The location of the tower was strategically selected for its proximity to expressways and commuter rail lines to benefit Sears employees. But in the end, the tower’s location proved to be advantageous for the city as well. The inhabitants of the bustling office building generated new energy in a formerly stagnant West Loop neighborhood.
This history explains why many Chicagoans still nostalgically refer to the building as the Sears Tower, although it hasn’t technically been the Sears Tower for years. In 2009, the London-based insurance broker Willis Group Holdings leased more than 140,000 square feet of office space on three floors of the Sears Tower. Their contract included naming rights for 15 years. On July 16, 2009, the name of the building was officially changed to Willis Tower.
From Street To Sky
In 2015, Blackstone, Inc. purchased the Willis Tower and immediately began the biggest restoration project in the building’s history, referred to as a “street to sky” re-envisioning.
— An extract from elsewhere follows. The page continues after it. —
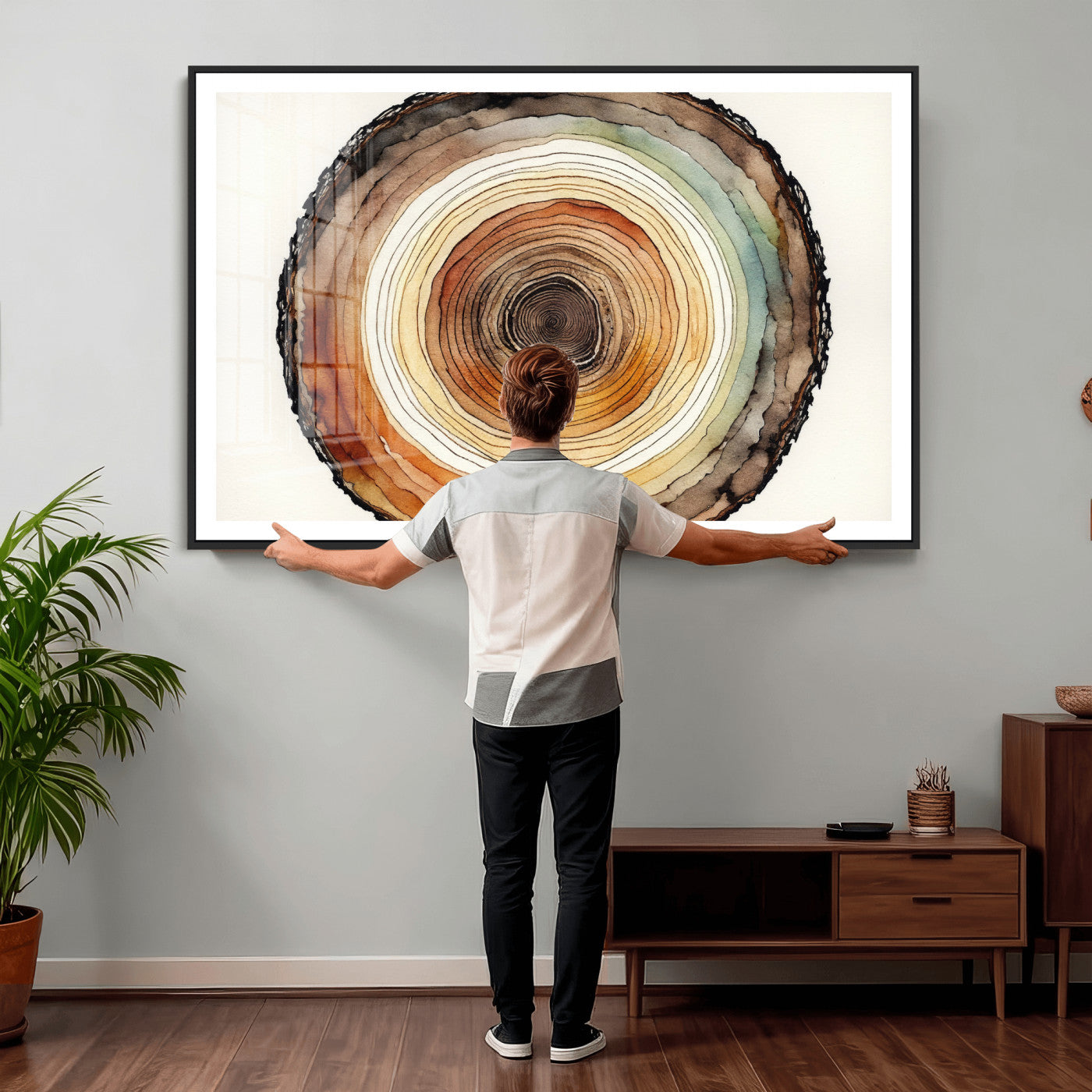 13719680-MGV-CV-36X24 - Natural Wood Slice Wall Art Canvas Print, Tree Ring Wall Art, Framed Abstract Nature Wall Decor, Earth Tone Statement Canvas Print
While the building was originally conceived as a single-use structure, architects Gensler, SkB Architects, and OLIN aimed to transform the space into a modern mix of uses available to office workers, residents, and tourists.
One of the most notable transformations is the “Catalog”—named so as an homage to the classic Sears Catalog—a multi-level, 400,000-square-foot open lobby which features new dining, entertainment, and retail spaces. A new, 30,000-square-foot public park on the podium’s roof can host everything from yoga classes and concerts to weddings and special events.
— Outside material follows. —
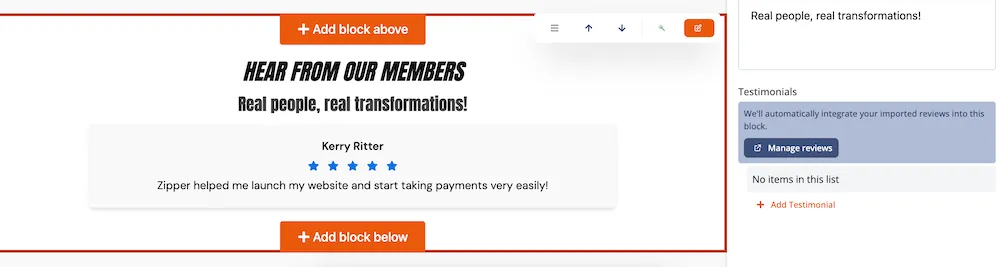 Zipper reviews block example on website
The Tower’s transformation has included several nods to Chicago architecture including dark aluminum cladding which references the tower above, and terra cotta detail, a nod to the material’s abundant use throughout the city. Two large-scale art installations—In the Heart of this Infinite Particle of Galactic Dust by Jacob Hashimoto and Atmospheric Wave Wall by Olafur Eliasson—activate both the lobby and exterior of the building.